---------- SUPPLIED RECORDS ----------

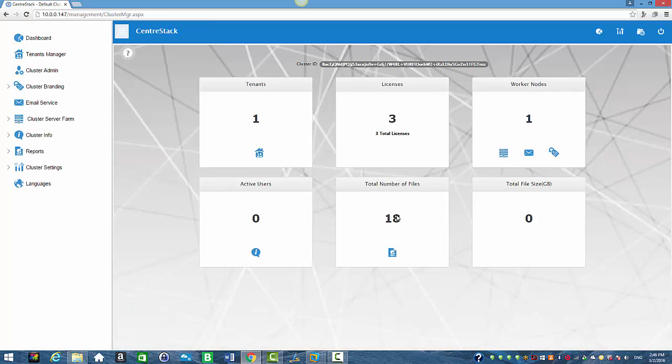As you can see, it's working properly. And this is how you will change the default administrator's email address in CenterStack. Thank you.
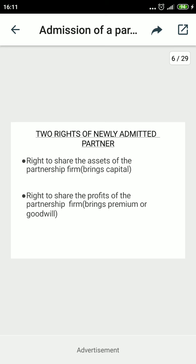In return, the old partners take contributions from the new partner for providing these rights. Number one, for the right to share assets, the new partner has to contribute capital. Number two, for the right to share profits in the partnership firm, the new partner has to bring goodwill — also called premium. So premium or goodwill is contributed for sharing the profits.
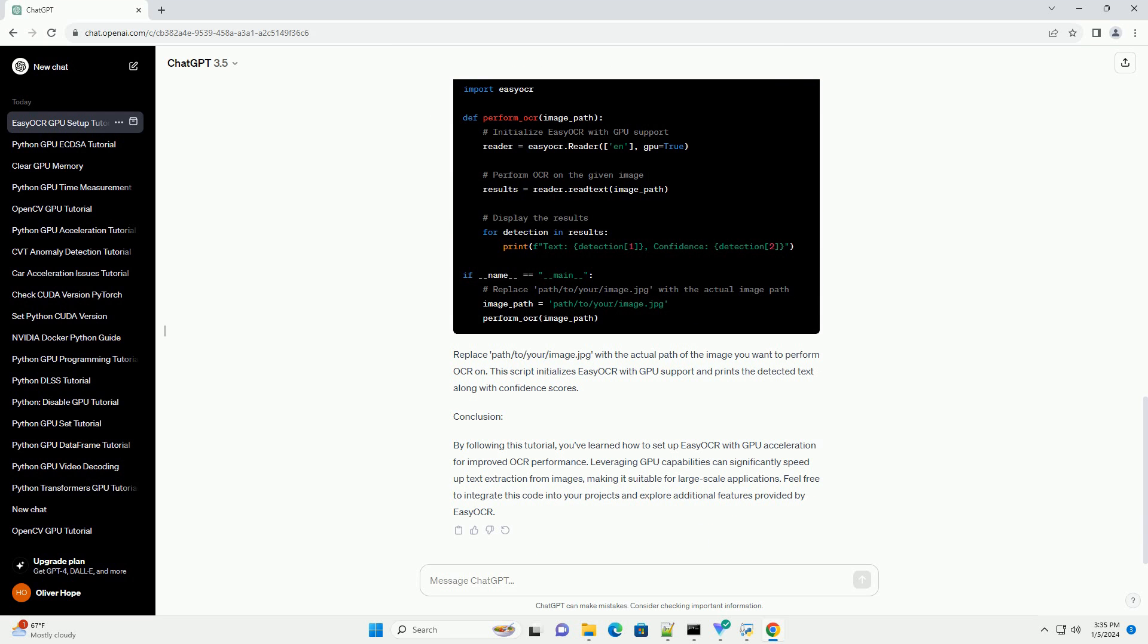Step 3: Install cuDNN. cuDNN is a GPU-accelerated library for deep neural networks. Download and install cuDNN from the NVIDIA website.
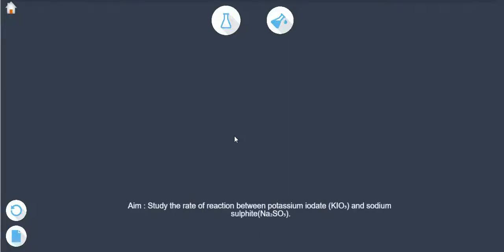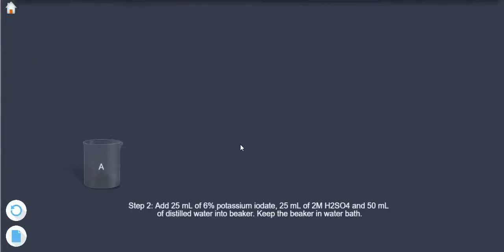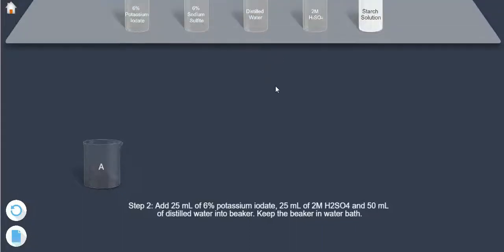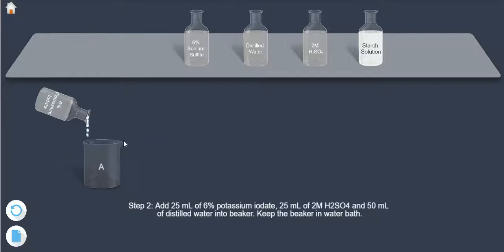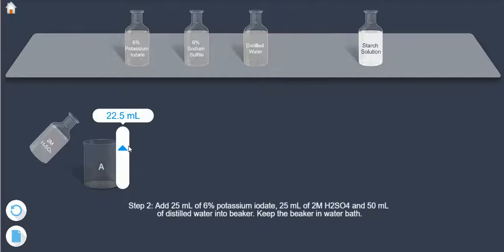Study the rate of reaction between potassium iodate and sodium sulfate. Step 1: Take a 250 ml beaker labeled as A. Step 2: Add 25 ml of 6% potassium iodate, 25 ml of 2 molar H₂SO₄, and 50 ml of distilled water into the beaker. Keep the beaker in a water bath.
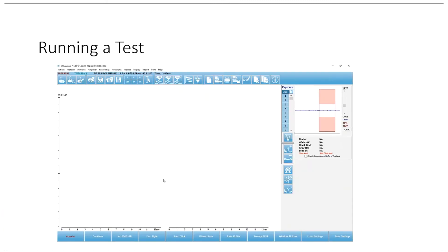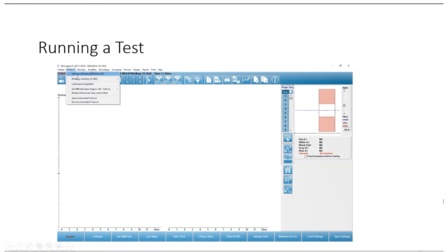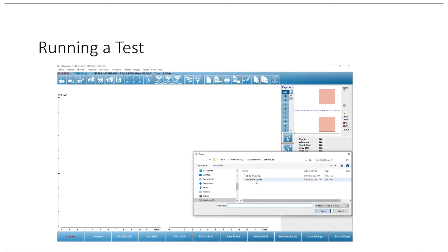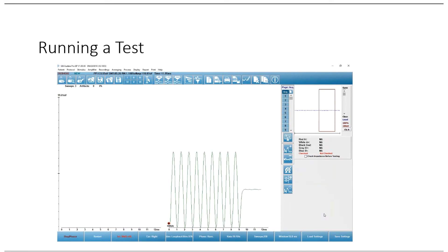Once connected, you're ready to run the test. I recommend creating a patient name for troubleshooting purposes — something like 'System Test.' Open the Audera ASSR or ABR module, go to Protocol > Execute Automated, select Loopback, and click Open. The test will automatically begin.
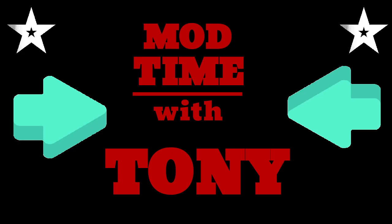Tony's mod time, it's mod time with Tony. Me, I'm Tony, and these are the mods, mod time.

----------

TASK DETAILS:
Please set down every record exactly as it appears, leaving out the pictures.

YOUR RESPONSE:
As you can see, it's working properly. And this is how you will change the default administrator's email address in CenterStack. Thank you.
In return, the old partners take contributions from the new partner for providing these rights. Number one, for the right to share assets, the new partner has to contribute capital. Number two, for the right to share profits in the partnership firm, the new partner has to bring goodwill — also called premium. So premium or goodwill is contributed for sharing the profits.
Step 3: Install cuDNN. cuDNN is a GPU-accelerated library for deep neural networks. Download and install cuDNN from the NVIDIA website.
Study the rate of reaction between potassium iodate and sodium sulfate. Step 1: Take a 250 ml beaker labeled as A. Step 2: Add 25 ml of 6% potassium iodate, 25 ml of 2 molar H₂SO₄, and 50 ml of distilled water into the beaker. Keep the beaker in a water bath.
Once connected, you're ready to run the test. I recommend creating a patient name for troubleshooting purposes — something like 'System Test.' Open the Audera ASSR or ABR module, go to Protocol > Execute Automated, select Loopback, and click Open. The test will automatically begin.
Tony's mod time, it's mod time with Tony. Me, I'm Tony, and these are the mods, mod time.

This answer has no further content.